Trading Futures using the Crude, Dow and ES contracts gave wonderful signals overnight. The new strategies highlight the entries on the lower timeframes. Then we simply make sure the entries are confirmed on the higher timeframe. Standard risk is 15 ticks on any instrument (although typically we can lower the risk to ten ticks on the currency futures).
Trading Futures: Crude
On Crude, we had a trend entry. The 45 minute was moving down. Price approached the ATR on the 3 minute chart and we had a entry generated that resulted in a gain of 32 ticks per contract while only risking 15 ticks per contract.
Trading Futures: Dow
On the Dow we had two ADX magenta peaks. Once came in during Asia, then another kicked off during the London session. Although we are switching contracts contracts to H16, there was adequate volume on the Z15 to trade it or you could switch to the H16 contract to trade them. Combined the two trades made 134 points per contract. This was a counter trend trade as we knew that the 45 minute was trending up but the magenta peak identified a potential pullback to the ATR (plus sign). This allows us to counter trend trade back to the ATR on the higher timeframe.
Trading Futures: ES
Then on the ES, we had one ADX magenta peak that came in and netted 6 1/2 points per contract.
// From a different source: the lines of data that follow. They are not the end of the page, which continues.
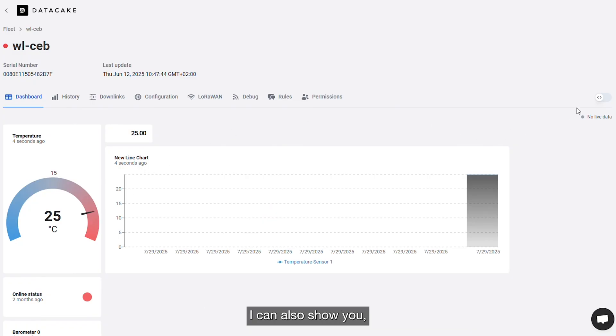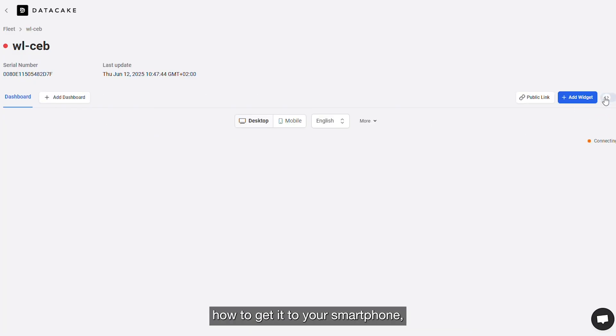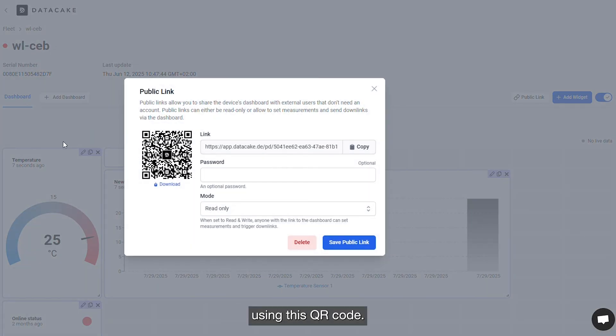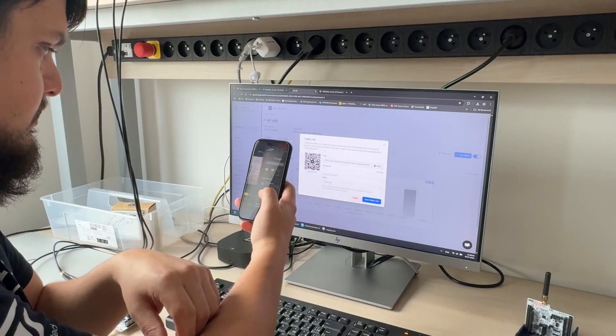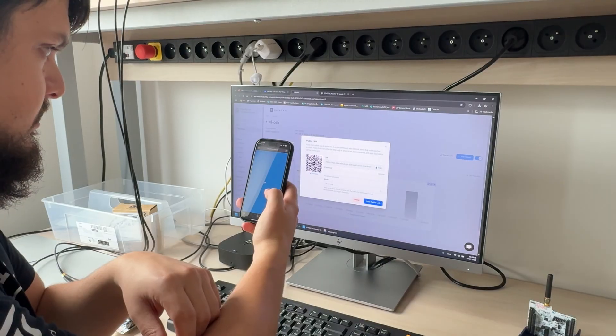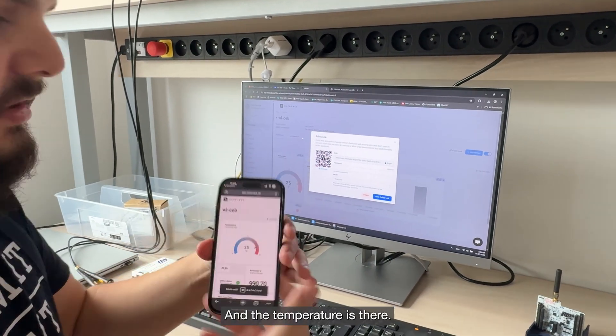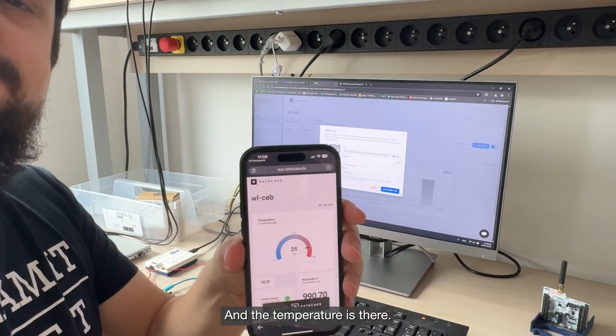I can also show you how to get it to your smartphone using this QR code. And the temperature is there.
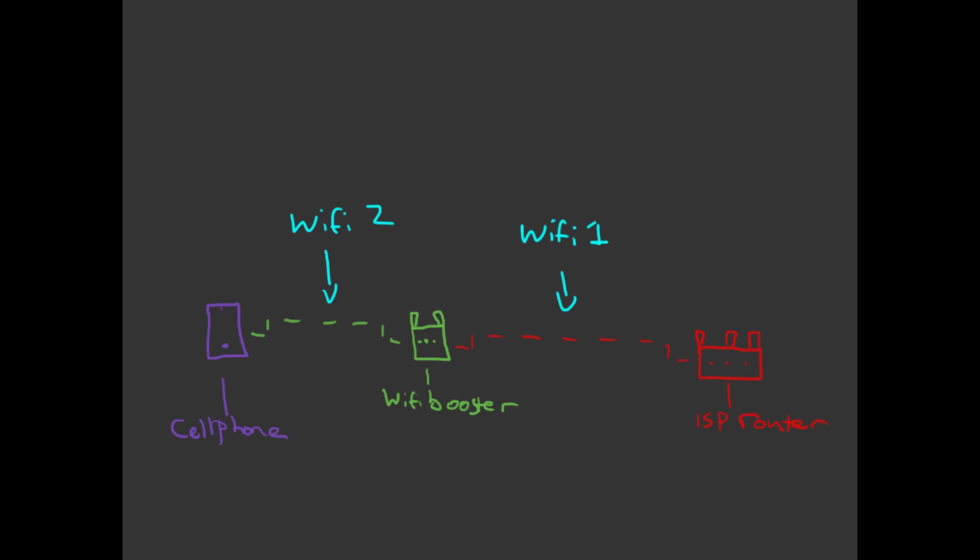Because of this, you might be in a situation where your laptop or phone can connect to your WiFi booster with great signal, but your internet speed is terrible and in some cases may not even work. You might also experience more packet loss than you would normally get over WiFi or bad latency.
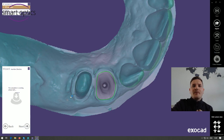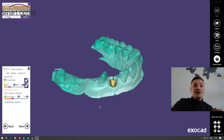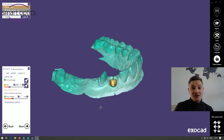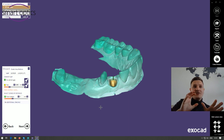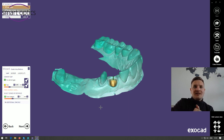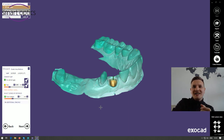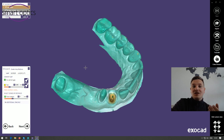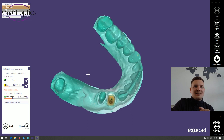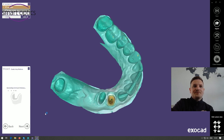The inlay bottom settings depend on your milling machine and the milling center you work with, so I'll leave all parameters on default. It's not possible for me to recommend specific ones — please ask your milling center, or you already know the right parameters yourself. I'll skip this step. ExoCAD will now create the tooth.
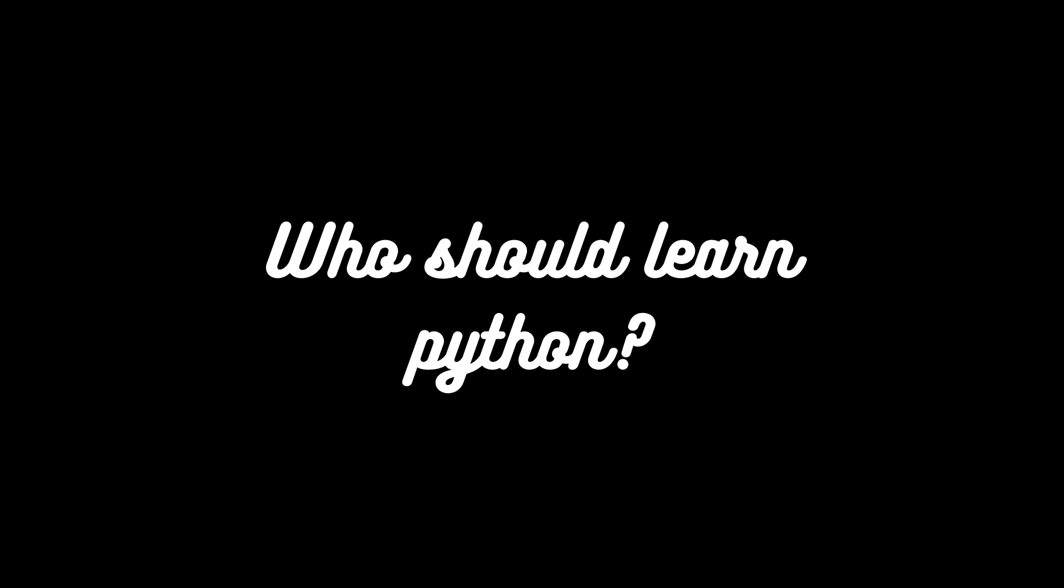Now comes the checklist. Please note for what you are learning and accordingly choose whether Python is fit for you or not. If it's fit for you, you can proceed by learning Python. If it's not, then no worries. You don't have to learn Python. You can choose any programming language which is fit for you.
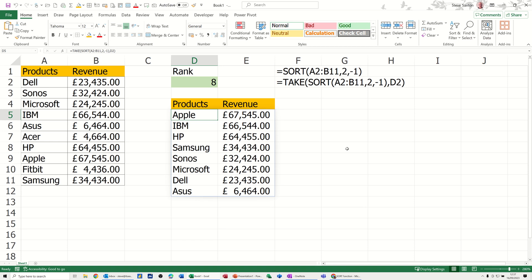Hi guys, welcome to this session in Microsoft Excel. In this module, I want to show you how you can create a ranking system for a list of data.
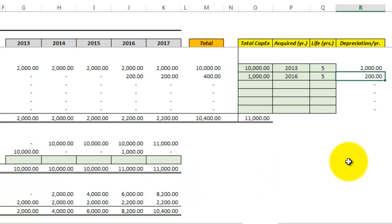That includes the revenue and expenses ramp up. In the next video we'll go over the financial statements and then do a bit of analysis. See you next time.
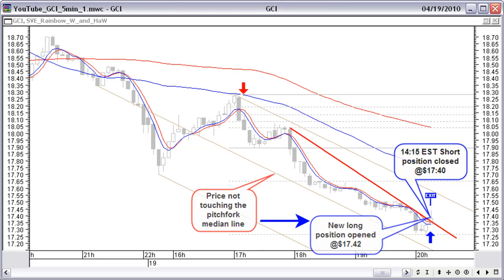This gives room for a nice up move. So we close our short position here — April 19, 14:15 EST — at $17.40, and open a new long position at $17.42.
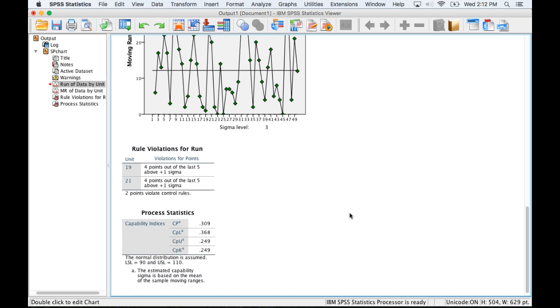Then we can look at the process statistics, the capability, and basically we're looking for a capability of at least one. The CP is the ratio of how many of our objects or production units are within the customer specified limits. We can see that only about 31% are in those limits right here.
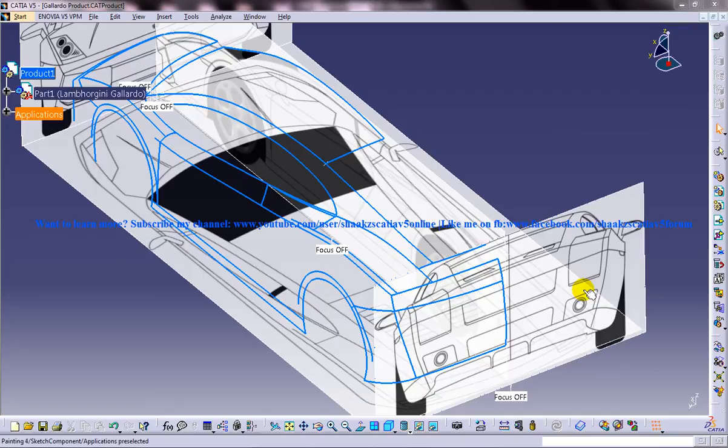Hi friends, this is Mohammed Shakeel here and in this tutorial I am going to show you an important tip in CATIA V5.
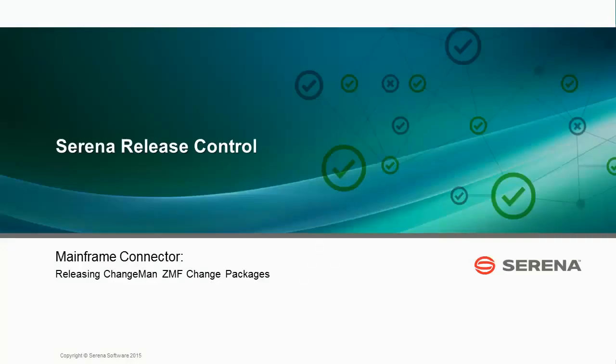Hello, and welcome to this demonstration of releasing Serena Changeman CMF Change Packages with Serena Release Control.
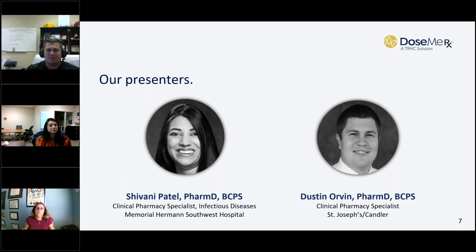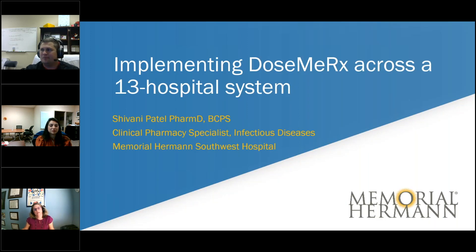After her presentation, we will be joined by Dr. Dustin Orvin, a clinical pharmacy specialist in internal medicine at Candler Hospital in Savannah, Georgia. He has a number of clinical responsibilities, including serving as the health system's formulary liaison to the pharmacy and therapeutics committee. Today he will discuss his health system's journey implementing DoseMerex and share tips and lessons learned. He received his Doctor of Pharmacy degree from the University of Georgia College of Pharmacy and completed a pharmacy practice residency at St. Joseph Candler Health System. With that, I'll turn it over to Dr. Shivani Patel.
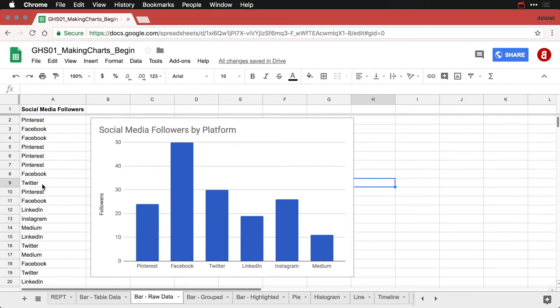And so that's one small problem, but it still makes it really easy to see that most of the followers are from Facebook, the least are from Medium. And it lets you start getting insights in your data without even having to do the data prep of putting it in the table first.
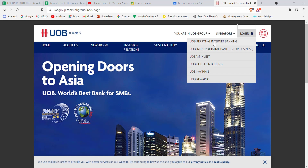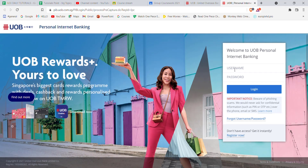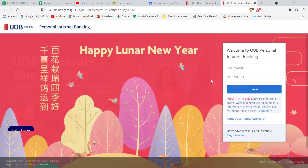After you click on the Internet Banking option, you'll be guided to another page. On this page, you will have to fill in some credentials — your username and your password — and then click on the Login button. Once you click on the Login button and if you have filled in these credentials correctly, you'll be automatically logged in to the United Overseas Bank.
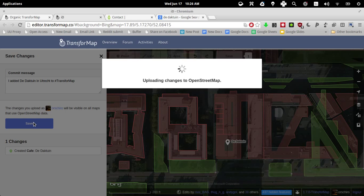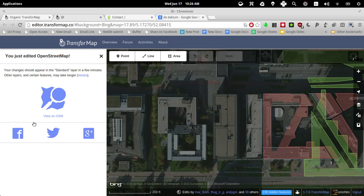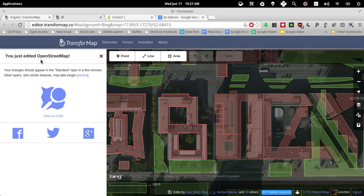And it's uploading changes to the underlying engine of transform map, which is called OpenStreetMap. There we go. You just edited the OpenStreetMap. The changes should appear in the standard layer in a few minutes.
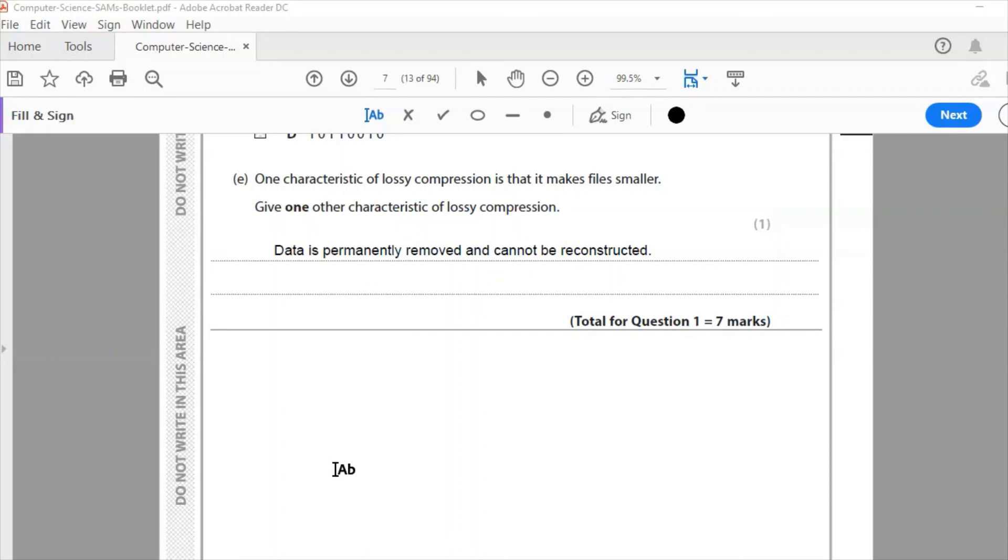So my answer for one mark is: data is permanently removed and cannot be reconstructed. That is a characteristic of lossy compression. You're losing some data which cannot be regained on compression. So that finishes question one and that is a total of seven marks.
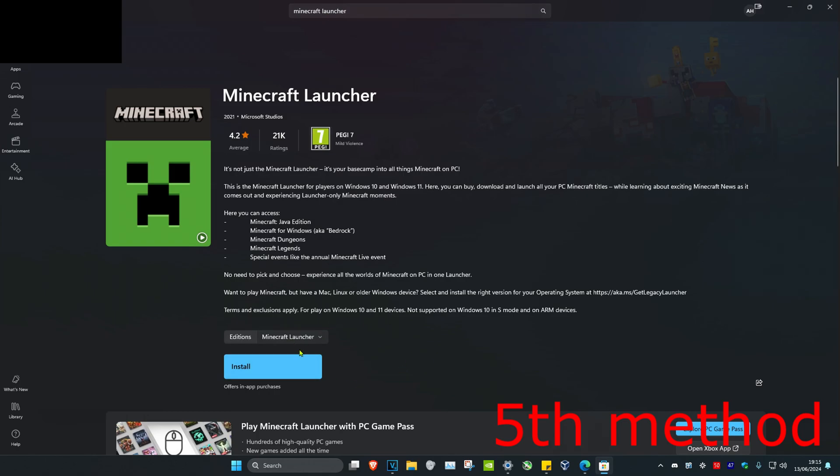Once you download the Minecraft launcher again, restart your computer and that should fix the problem.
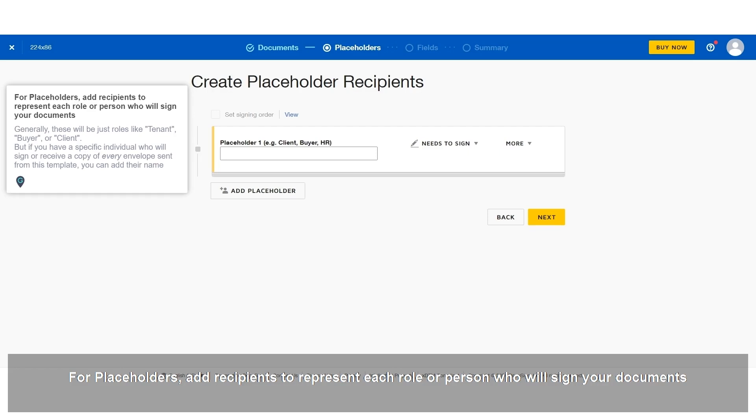Generally, these will be just roles like tenant, buyer, or client. But if you have a specific individual who will sign or receive a copy of every envelope sent from this template, you can add their name.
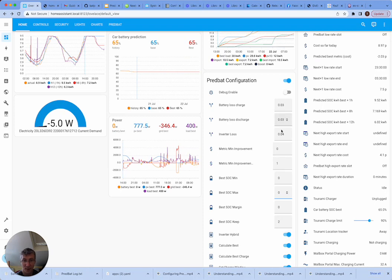Obviously the higher the losses, the lower your charts are going to go as well.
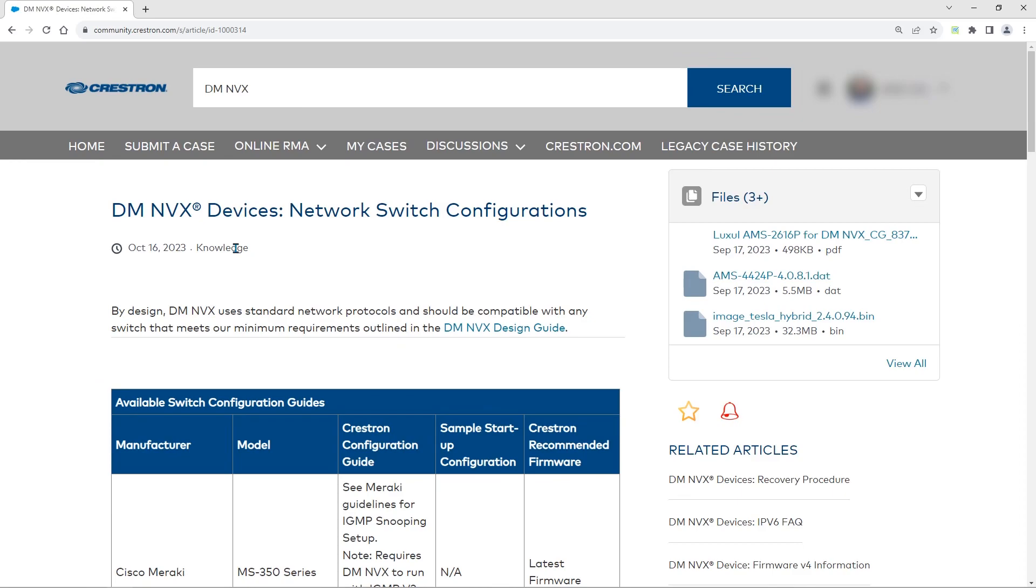Knowledge articles are found using the main search on Crestron Online Help. This is an example of a knowledge article. Most knowledge articles are laid out in the same way, with one or multiple sections of information about the specific topic or topics.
Again this is a counter trend trade. We could (and do during the US session especially) make sure the 3 minute has flipped the ATR to blue and retested it to ensure that the ATR will support the upward price movement.
The THD Strategies automatically highlight the entries for you. The ATR strategy also identify the profit target and has two built-in stops. One stop is based on the ATR stop indicator and the second stop kicks in once a minimum profit target has been achieved. Then the stop follows price closer to get more profits.